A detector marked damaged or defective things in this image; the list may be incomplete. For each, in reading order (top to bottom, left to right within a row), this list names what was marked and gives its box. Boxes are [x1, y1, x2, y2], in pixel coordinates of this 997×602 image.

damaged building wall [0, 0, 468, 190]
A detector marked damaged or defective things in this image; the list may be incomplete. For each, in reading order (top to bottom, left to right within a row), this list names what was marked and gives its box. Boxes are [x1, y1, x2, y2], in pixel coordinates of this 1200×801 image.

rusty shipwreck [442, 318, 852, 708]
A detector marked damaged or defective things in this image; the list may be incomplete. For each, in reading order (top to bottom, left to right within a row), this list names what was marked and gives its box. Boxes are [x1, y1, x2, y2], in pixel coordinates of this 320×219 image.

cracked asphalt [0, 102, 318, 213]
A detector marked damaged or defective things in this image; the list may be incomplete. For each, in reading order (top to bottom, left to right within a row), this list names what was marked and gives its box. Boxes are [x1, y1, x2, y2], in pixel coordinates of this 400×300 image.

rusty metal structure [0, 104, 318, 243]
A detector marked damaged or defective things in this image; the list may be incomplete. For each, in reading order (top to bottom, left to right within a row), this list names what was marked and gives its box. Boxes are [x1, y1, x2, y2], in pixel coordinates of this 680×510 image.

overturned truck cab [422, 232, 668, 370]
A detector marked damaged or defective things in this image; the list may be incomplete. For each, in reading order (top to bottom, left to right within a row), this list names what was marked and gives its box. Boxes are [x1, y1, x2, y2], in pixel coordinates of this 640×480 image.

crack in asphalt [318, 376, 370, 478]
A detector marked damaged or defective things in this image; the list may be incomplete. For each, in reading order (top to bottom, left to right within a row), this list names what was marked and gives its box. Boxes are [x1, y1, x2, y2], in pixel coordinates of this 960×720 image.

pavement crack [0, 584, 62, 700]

------------

Instructions to follow → Everything from the line with "this 960×720 image." to the end of the listing above is to be set down exactly, both ends included.

Task response →
A detector marked damaged or defective things in this image; the list may be incomplete. For each, in reading order (top to bottom, left to right within a row), this list names what was marked and gives its box. Boxes are [x1, y1, x2, y2], in pixel coordinates of this 960×720 image.

pavement crack [0, 584, 62, 700]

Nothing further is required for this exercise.